**Problem**.
Where does the word "Wear" show up in the records? Copy every line that has it.

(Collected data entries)
________________________________________

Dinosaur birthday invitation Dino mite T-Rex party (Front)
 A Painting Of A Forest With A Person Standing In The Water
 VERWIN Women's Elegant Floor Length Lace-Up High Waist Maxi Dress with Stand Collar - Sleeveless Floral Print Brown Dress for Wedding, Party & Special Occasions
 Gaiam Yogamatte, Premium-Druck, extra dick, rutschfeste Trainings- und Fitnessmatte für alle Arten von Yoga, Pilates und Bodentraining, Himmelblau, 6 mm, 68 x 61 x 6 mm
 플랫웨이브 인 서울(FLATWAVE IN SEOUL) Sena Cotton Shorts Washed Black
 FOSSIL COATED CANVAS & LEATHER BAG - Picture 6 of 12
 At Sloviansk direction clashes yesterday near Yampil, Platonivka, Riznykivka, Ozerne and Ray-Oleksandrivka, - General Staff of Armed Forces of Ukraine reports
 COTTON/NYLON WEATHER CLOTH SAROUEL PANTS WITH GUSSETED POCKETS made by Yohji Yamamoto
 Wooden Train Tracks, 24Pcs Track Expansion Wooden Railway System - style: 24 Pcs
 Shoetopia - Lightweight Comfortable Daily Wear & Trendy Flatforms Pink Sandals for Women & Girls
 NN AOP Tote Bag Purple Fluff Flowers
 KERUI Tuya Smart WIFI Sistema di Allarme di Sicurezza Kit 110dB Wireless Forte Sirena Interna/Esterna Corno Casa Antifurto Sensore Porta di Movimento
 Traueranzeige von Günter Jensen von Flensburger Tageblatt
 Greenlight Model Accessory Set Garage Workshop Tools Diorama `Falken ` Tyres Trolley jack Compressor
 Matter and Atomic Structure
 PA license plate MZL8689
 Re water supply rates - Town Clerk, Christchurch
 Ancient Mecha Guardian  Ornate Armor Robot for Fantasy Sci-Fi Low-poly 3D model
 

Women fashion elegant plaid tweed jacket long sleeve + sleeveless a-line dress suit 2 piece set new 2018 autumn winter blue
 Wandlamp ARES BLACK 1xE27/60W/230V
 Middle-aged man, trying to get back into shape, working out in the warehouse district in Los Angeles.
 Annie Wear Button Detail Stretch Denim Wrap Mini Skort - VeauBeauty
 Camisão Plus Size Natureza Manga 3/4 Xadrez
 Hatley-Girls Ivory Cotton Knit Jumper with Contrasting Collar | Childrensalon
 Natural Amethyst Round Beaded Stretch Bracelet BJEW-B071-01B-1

________________________________________

**Answer to the exercise**.
 Shoetopia - Lightweight Comfortable Daily Wear & Trendy Flatforms Pink Sandals for Women & Girls
 Annie Wear Button Detail Stretch Denim Wrap Mini Skort - VeauBeauty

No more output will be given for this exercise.